500 spécialistes se penchent sur le commerce durable de plantes et d’animaux sauvages avant la prochaine Conférence mondiale sur les espèces sauvages

Pour les médias seulement :
ce communiqué n’est pas un document officiel.

 

COMMUNIQUÉ DE PRESSE

500 spécialistes se penchent sur le commerce durable de plantes et d’animaux sauvages avant la prochaine Conférence mondiale sur les espèces sauvages

 

Genève, 27 juillet 2018 – Du 16 au 26 juillet, un nombre record de Parties, d’organisations intergouvernementales, d’organisations non gouvernementales et de représentants du secteur privé ont assisté, à Genève, à la 30e session du Comité pour les animaux et à la 24e session du Comité pour les plantes de la Convention sur le commerce international des espèces de faune et de flore sauvages menacées d’extinction (CITES) – le traité qui réglemente le commerce mondial des espèces sauvages.  

Le Comité pour les animaux et le Comité pour les plantes de la CITES se réunissent une fois par an pour donner des avis scientifiques sur les moyens de maintenir le caractère durable du commerce mondial des espèces sauvages et de leurs produits, pour les plus de 36 000 espèces relevant de la Convention.

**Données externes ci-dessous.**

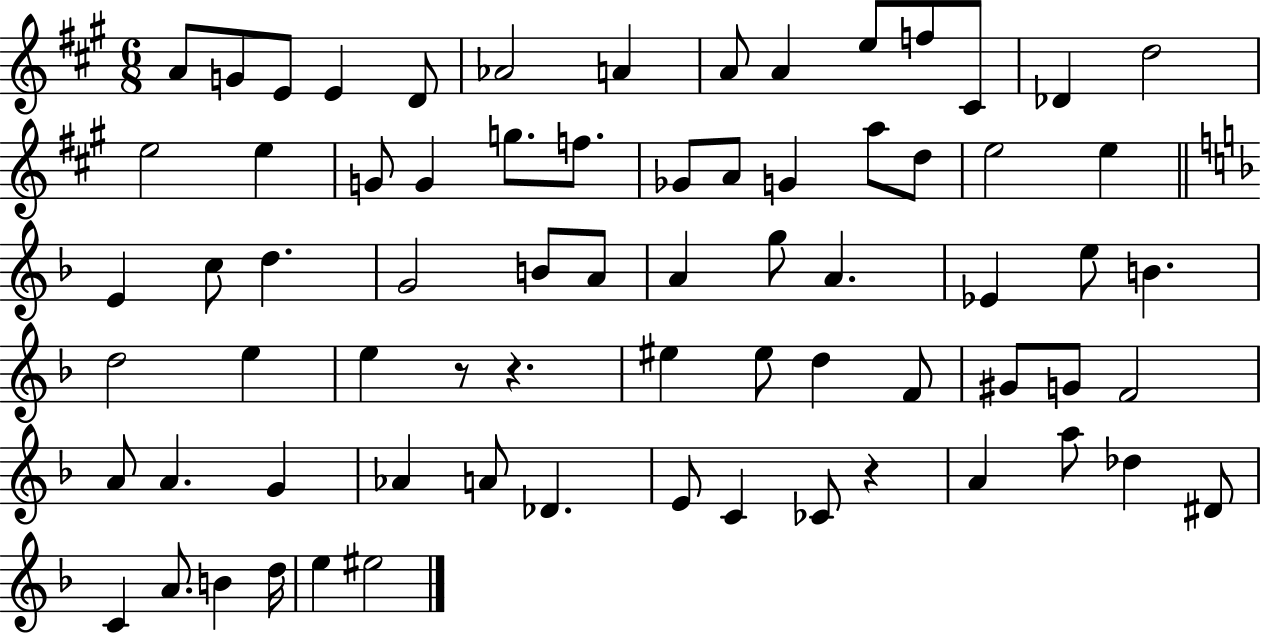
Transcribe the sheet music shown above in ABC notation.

X:1
T:Untitled
M:6/8
L:1/4
K:A
A/2 G/2 E/2 E D/2 _A2 A A/2 A e/2 f/2 ^C/2 _D d2 e2 e G/2 G g/2 f/2 _G/2 A/2 G a/2 d/2 e2 e E c/2 d G2 B/2 A/2 A g/2 A _E e/2 B d2 e e z/2 z ^e ^e/2 d F/2 ^G/2 G/2 F2 A/2 A G _A A/2 _D E/2 C _C/2 z A a/2 _d ^D/2 C A/2 B d/4 e ^e2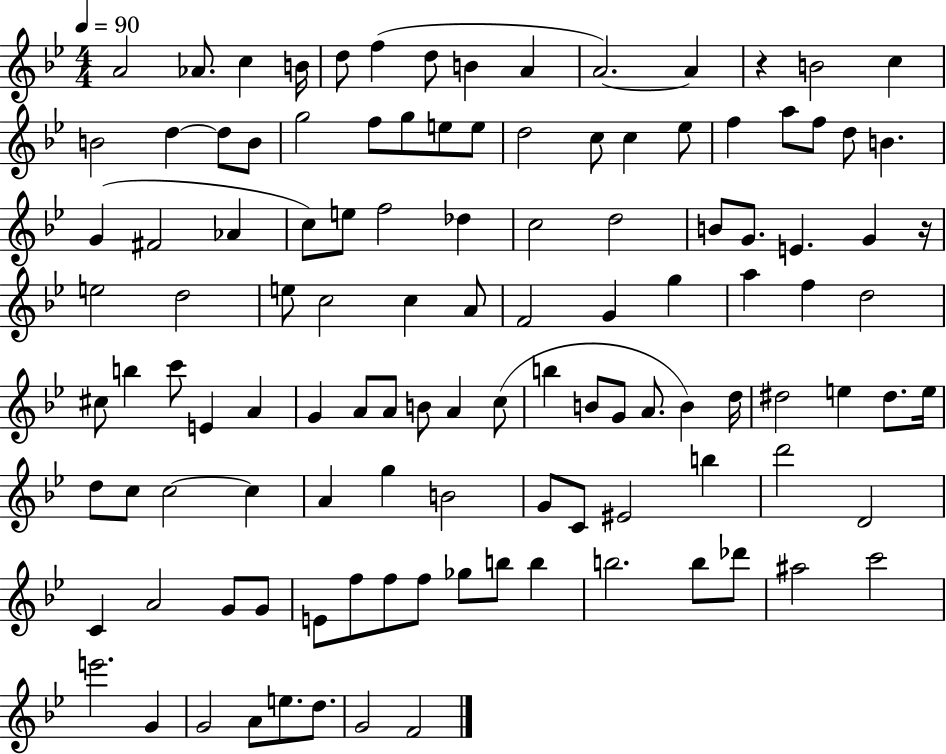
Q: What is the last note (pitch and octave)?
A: F4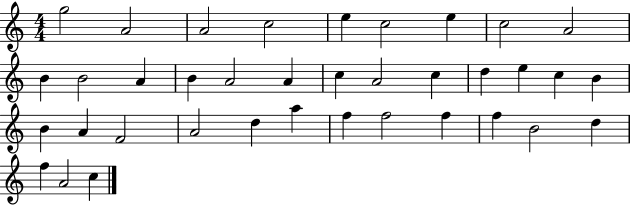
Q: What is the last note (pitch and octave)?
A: C5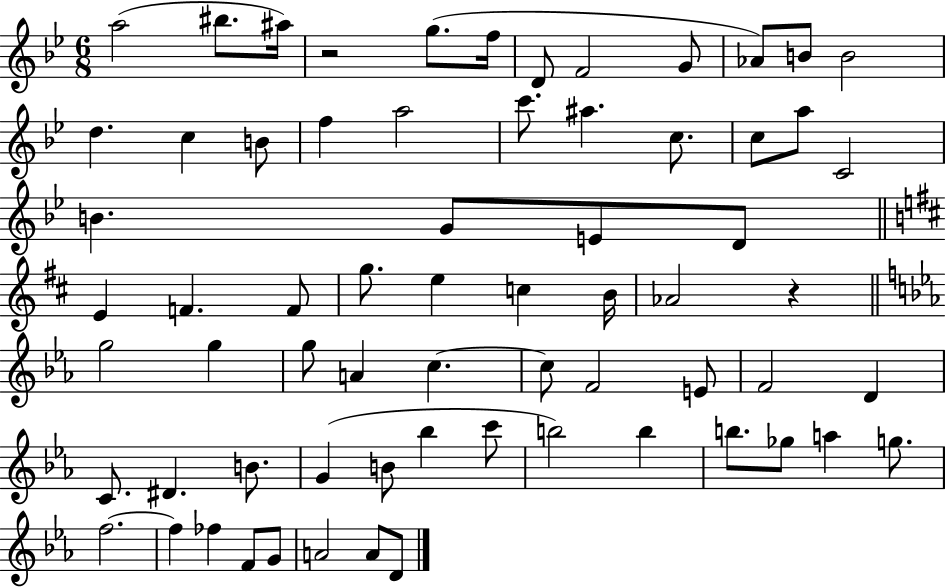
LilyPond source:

{
  \clef treble
  \numericTimeSignature
  \time 6/8
  \key bes \major
  a''2( bis''8. ais''16) | r2 g''8.( f''16 | d'8 f'2 g'8 | aes'8) b'8 b'2 | \break d''4. c''4 b'8 | f''4 a''2 | c'''8. ais''4. c''8. | c''8 a''8 c'2 | \break b'4. g'8 e'8 d'8 | \bar "||" \break \key b \minor e'4 f'4. f'8 | g''8. e''4 c''4 b'16 | aes'2 r4 | \bar "||" \break \key c \minor g''2 g''4 | g''8 a'4 c''4.~~ | c''8 f'2 e'8 | f'2 d'4 | \break c'8. dis'4. b'8. | g'4( b'8 bes''4 c'''8 | b''2) b''4 | b''8. ges''8 a''4 g''8. | \break f''2.~~ | f''4 fes''4 f'8 g'8 | a'2 a'8 d'8 | \bar "|."
}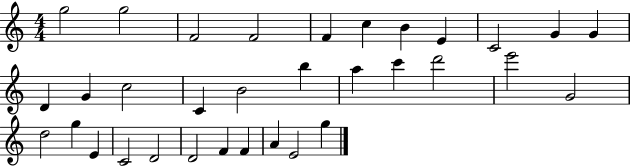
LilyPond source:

{
  \clef treble
  \numericTimeSignature
  \time 4/4
  \key c \major
  g''2 g''2 | f'2 f'2 | f'4 c''4 b'4 e'4 | c'2 g'4 g'4 | \break d'4 g'4 c''2 | c'4 b'2 b''4 | a''4 c'''4 d'''2 | e'''2 g'2 | \break d''2 g''4 e'4 | c'2 d'2 | d'2 f'4 f'4 | a'4 e'2 g''4 | \break \bar "|."
}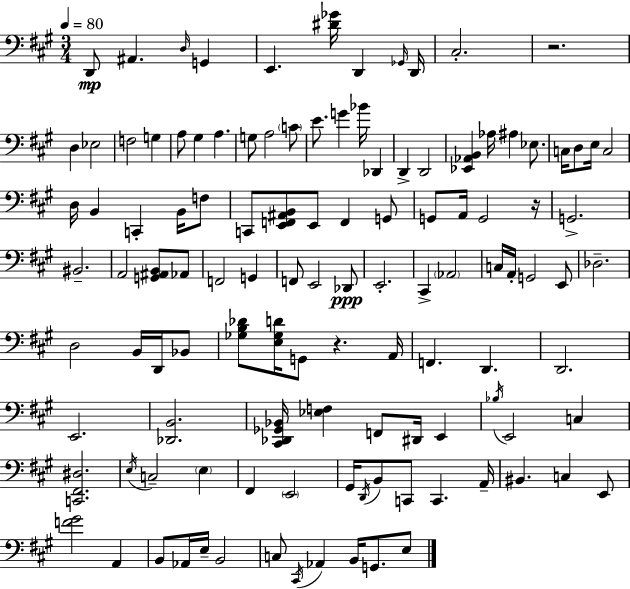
D2/e A#2/q. D3/s G2/q E2/q. [D#4,Gb4]/s D2/q Gb2/s D2/s C#3/h. R/h. D3/q Eb3/h F3/h G3/q A3/e G#3/q A3/q. G3/e A3/h C4/e E4/e. G4/q Bb4/s Db2/q D2/q D2/h [Eb2,Ab2,B2]/q Ab3/s A#3/q Eb3/e. C3/s D3/e E3/s C3/h D3/s B2/q C2/q B2/s F3/e C2/e [E2,F2,A#2,B2]/e E2/e F2/q G2/e G2/e A2/s G2/h R/s G2/h. BIS2/h. A2/h [G2,A#2,B2]/e Ab2/e F2/h G2/q F2/e E2/h Db2/e E2/h. C#2/q Ab2/h C3/s A2/s G2/h E2/e Db3/h. D3/h B2/s D2/s Bb2/e [Gb3,B3,Db4]/e [E3,Gb3,D4]/s G2/e R/q. A2/s F2/q. D2/q. D2/h. E2/h. [Db2,B2]/h. [C#2,Db2,Gb2,Bb2]/s [Eb3,F3]/q F2/e D#2/s E2/q Bb3/s E2/h C3/q [C2,F#2,D#3]/h. E3/s C3/h E3/q F#2/q E2/h G#2/s D2/s B2/e C2/e C2/q. A2/s BIS2/q. C3/q E2/e [F4,G#4]/h A2/q B2/e Ab2/s E3/s B2/h C3/e C#2/s Ab2/q B2/s G2/e. E3/e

Les membres et membres suppléants des Comités représentent toutes les régions, à titre personnel ; tous les autres participants sont des observateurs.

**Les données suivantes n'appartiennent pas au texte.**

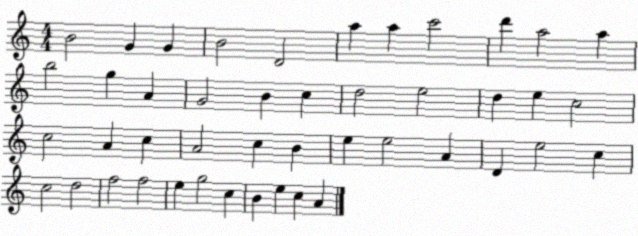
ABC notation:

X:1
T:Untitled
M:4/4
L:1/4
K:C
B2 G G B2 D2 a a c'2 d' a2 a b2 g A G2 B c d2 e2 d e c2 c2 A c A2 c B e e2 A D e2 c c2 d2 f2 f2 e g2 c B e c A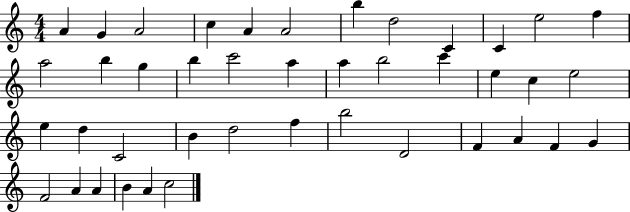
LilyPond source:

« Ces deux dernières semaines, les deux comités scientifiques de la CITES ont examiné un large éventail de thèmes. Le Comité pour les animaux a donné des orientations techniques et scientifiques sur la gestion du commerce d’espèces marines très variées, des lions, des trophées de chasse de léopards et des grands singes, pour ne citer que quelques exemples. Une grande partie des travaux du Comité pour les plantes était axée sur les espèces d’arbres et les bois de grande valeur mais aussi sur le bois d’agar, les orchidées et le prunier d’Afrique Prunus africana. Conjointement, les deux comités ont examiné comment aider les Parties à la CITES à réaliser des avis de commerce non préjudiciable, comment renforcer les capacités et comment résoudre les difficultés en matière de réglementation du commerce d’« espèces sauvages » issues de nouvelles biotechnologies » a déclaré Tom De Meulenaer, chef des Services scientifiques au Secrétariat CITES.

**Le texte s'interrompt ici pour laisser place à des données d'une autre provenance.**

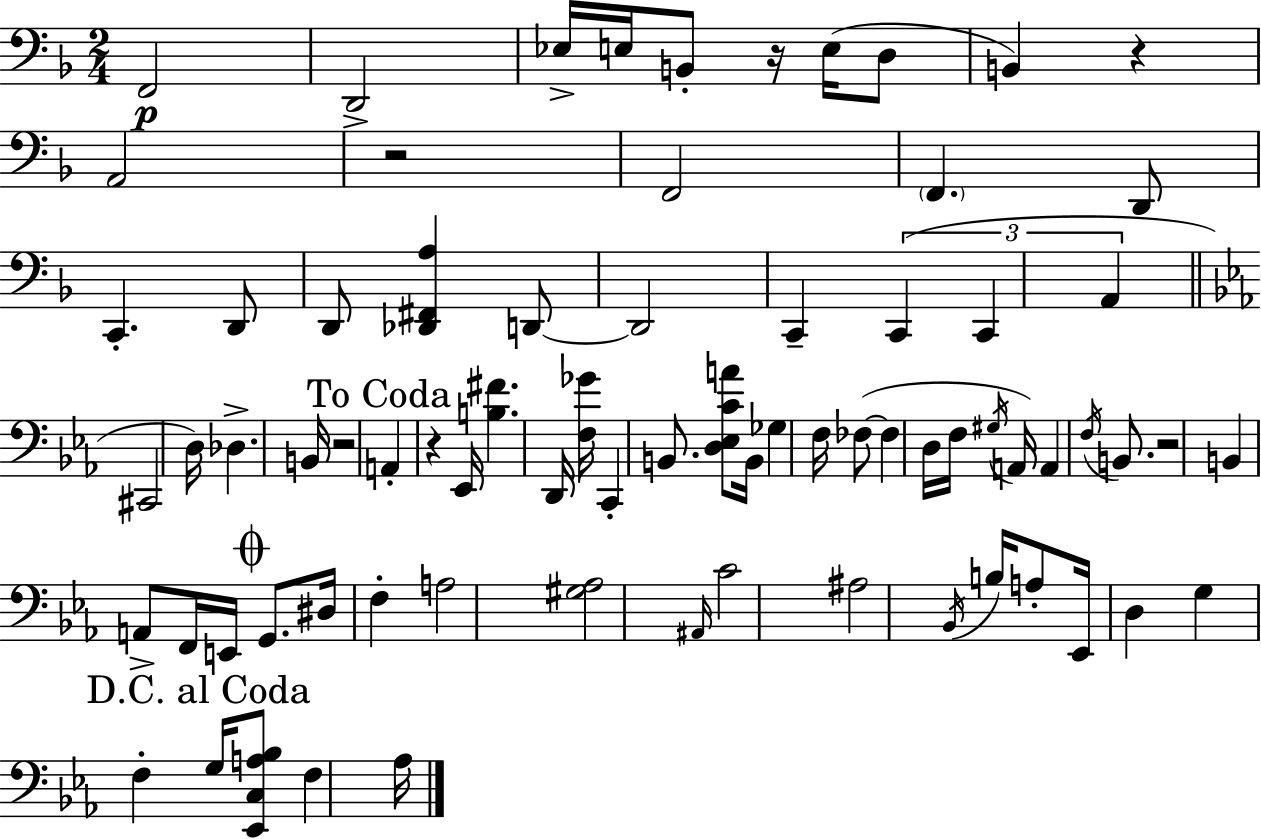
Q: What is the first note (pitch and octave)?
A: F2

« À chacune de leurs sessions, les Comités examinent les informations disponibles sur le commerce et font des recommandations propres à certaines espèces – et à certains pays – pour veiller à ce que le niveau des exportations reste durable. Cet examen régulier est capital si l’on veut s’assurer que le commerce d’espèces sauvages inscrites à la CITES ne nuit pas aux populations sauvages. À cette occasion, les Comités ont donné leur avis sur environ 30 cas -- des perroquets du Guyana et du Suriname aux bois précieux de plusieurs pays d’Afrique centrale », a ajouté M. De Meulenaer.

Les Comités donnent des conseils sur les activités à mener pour renforcer les capacités des autorités scientifiques des Parties à la CITES, et les aider à rendre des avis de commerce non préjudiciable (ACNP) reposant sur des bases scientifiques solides et à identifier les espèces inscrites à la CITES.

Ces derniers temps, le public s’est vivement intéressé au commerce d’animaux vivants inscrits à la CITES. Le Comité pour les animaux est en train d’élaborer des orientations non contraignantes pour aider les Parties à déterminer si le destinataire proposé d’un spécimen vivant d’une espèce inscrite à l’Annexe I dispose des installations adéquates pour héberger ce spécimen et en prendre soin.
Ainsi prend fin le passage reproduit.